● **Work instruction**:
In the entries that follow, find the line containing "Yeah guys, so" and the line containing "Hello guys, welcome", then retype exactly the lines from the first through the second, pictures excluded.

● **Data extracts**:

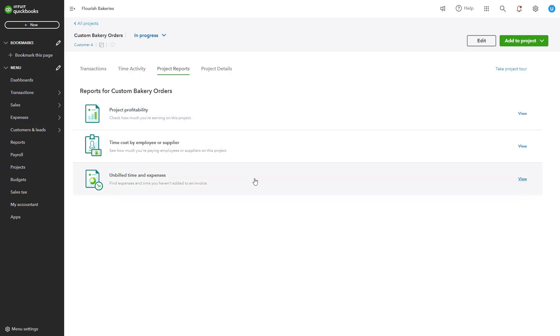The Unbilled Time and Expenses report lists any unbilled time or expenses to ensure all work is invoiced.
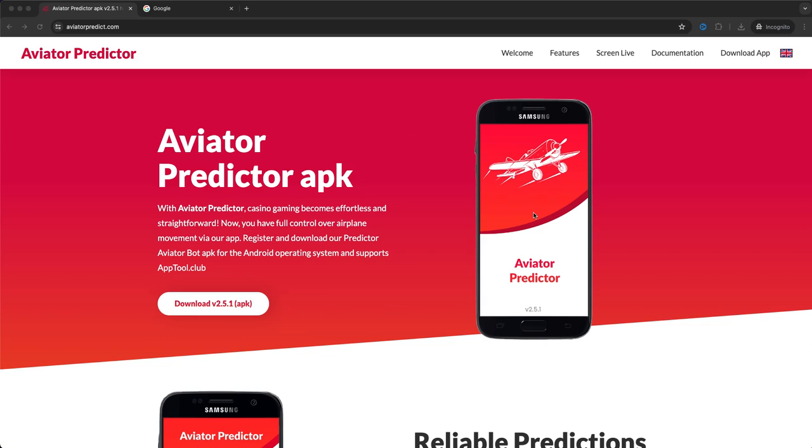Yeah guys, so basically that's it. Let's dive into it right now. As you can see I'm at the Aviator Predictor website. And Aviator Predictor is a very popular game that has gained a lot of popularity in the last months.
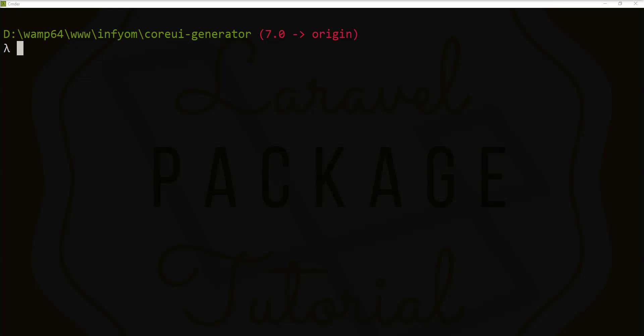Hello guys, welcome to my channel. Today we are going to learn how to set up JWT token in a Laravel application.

* * *

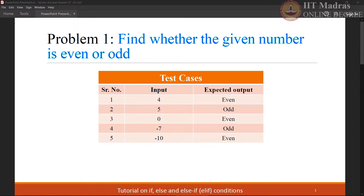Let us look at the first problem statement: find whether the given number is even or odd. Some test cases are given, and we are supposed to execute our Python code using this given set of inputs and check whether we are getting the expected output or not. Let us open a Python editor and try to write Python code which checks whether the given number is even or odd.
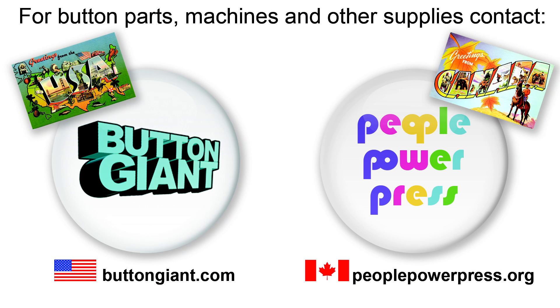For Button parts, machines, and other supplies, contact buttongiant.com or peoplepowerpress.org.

● **Result**:
Yeah guys, so basically that's it. Let's dive into it right now. As you can see I'm at the Aviator Predictor website. And Aviator Predictor is a very popular game that has gained a lot of popularity in the last months.
Hello guys, welcome to my channel. Today we are going to learn how to set up JWT token in a Laravel application.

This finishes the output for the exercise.